Uma das primeiras emoções que experimentamos como crianças é ir à padaria buscar pão, ou refrigerante pro almoço, ou cerveja, ou maço de cigarro, ou tudo isso junto. A padaria precisa ser um bar ampliado ou um mercado em miniatura. Padaria que só vende pão tem algum problema de gestão. Repare bem: um dos grandes dilemas de almoço em família é exatamente quando o mais velho sai para comprar algum produto que falta para a refeição e demora horas para voltar; sai de casa às 8h da manhã dizendo que vai ao sacolão, mas chega pela rádio-fofoca que viram seu Valdir bebendo com os amigos… na padaria! E nisso já é 15h…
Para quem esquece delas, é preciso ampliar sua visão: as padarias também são verdadeiras encruzilhadas por onde passam as mais importantes figuras locais.
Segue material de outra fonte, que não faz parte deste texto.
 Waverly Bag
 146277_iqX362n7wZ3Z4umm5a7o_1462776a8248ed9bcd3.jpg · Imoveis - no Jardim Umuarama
Esperar na fila para pagar o pão com o jornal de baixo do braço e encontrar o vizinho que estava com parente doente, perguntar como estão as coisas, ou a vizinha cuja notícia do novo emprego do filho fora do Brasil já passou por todo o quarteirão, faz parte do ritual de iniciação do dia.
Muitos trabalhadores e trabalhadoras, antes mesmo de bater cartão na firma ou de encarar o transporte público, batem o cartão no balcão da padaria para degustar a preciosa dupla gastronômica pão na chapa com pingado ou média (para os iniciantes, são diferentes formas de servir café com leite).
De suas vitrines repletas de doces - geralmente cobertas de abelhas… -, passando pelas histórias de balcão ou de anúncios de venda de imóveis no local, precisaríamos ficar aqui lembrando de cada coisa que nos marca ao lembrar da vivência nesse estabelecimento.